▶ [Prompt] Retype all entries exactly as they stand, excluding pictures.

[Stored items from a collection]
◇ ◇ ◇ ◇ ◇

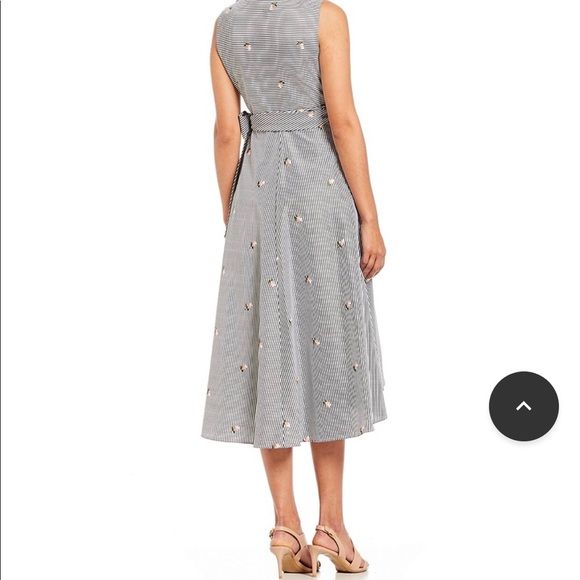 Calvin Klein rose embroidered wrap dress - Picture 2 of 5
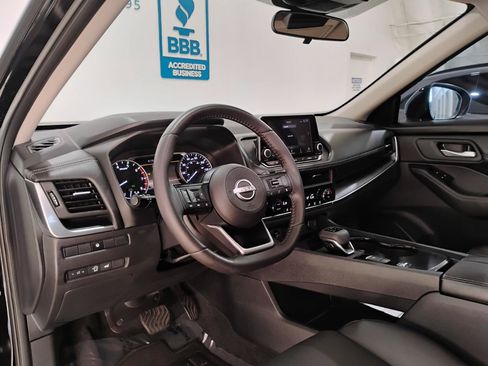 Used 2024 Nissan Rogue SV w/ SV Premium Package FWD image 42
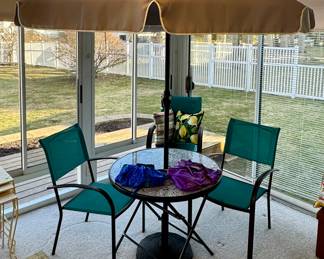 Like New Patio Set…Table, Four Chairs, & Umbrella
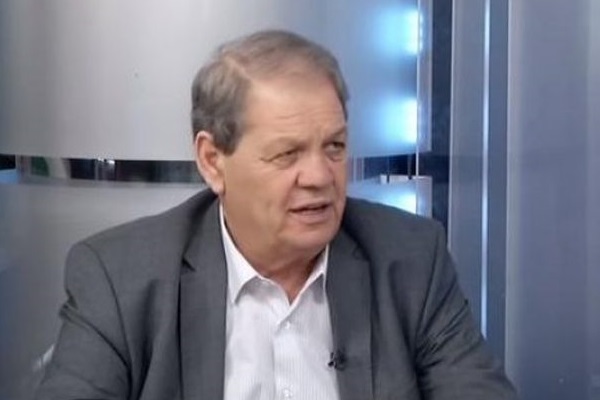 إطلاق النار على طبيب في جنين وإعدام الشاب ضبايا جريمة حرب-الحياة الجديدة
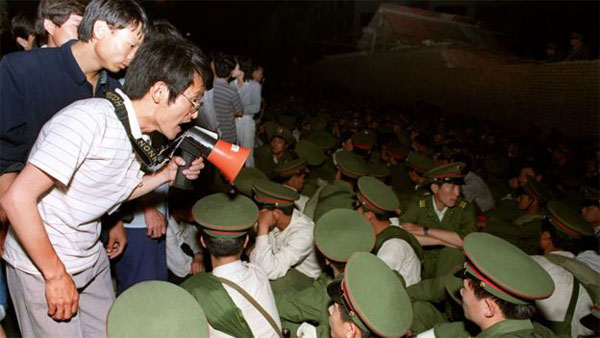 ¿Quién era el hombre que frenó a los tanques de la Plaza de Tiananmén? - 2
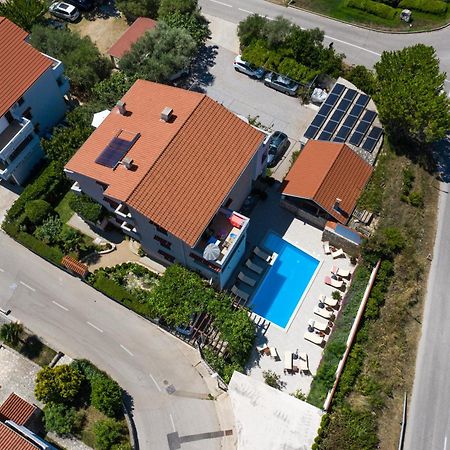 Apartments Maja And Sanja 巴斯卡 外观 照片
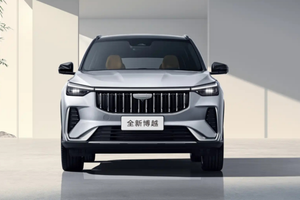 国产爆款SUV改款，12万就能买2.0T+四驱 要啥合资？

◇ ◇ ◇ ◇ ◇

▶ [Exercise solution]
 Calvin Klein rose embroidered wrap dress - Picture 2 of 5
 Used 2024 Nissan Rogue SV w/ SV Premium Package FWD image 42
 Like New Patio Set…Table, Four Chairs, & Umbrella
 إطلاق النار على طبيب في جنين وإعدام الشاب ضبايا جريمة حرب-الحياة الجديدة
 ¿Quién era el hombre que frenó a los tanques de la Plaza de Tiananmén? - 2
 Apartments Maja And Sanja 巴斯卡 外观 照片
 国产爆款SUV改款，12万就能买2.0T+四驱 要啥合资？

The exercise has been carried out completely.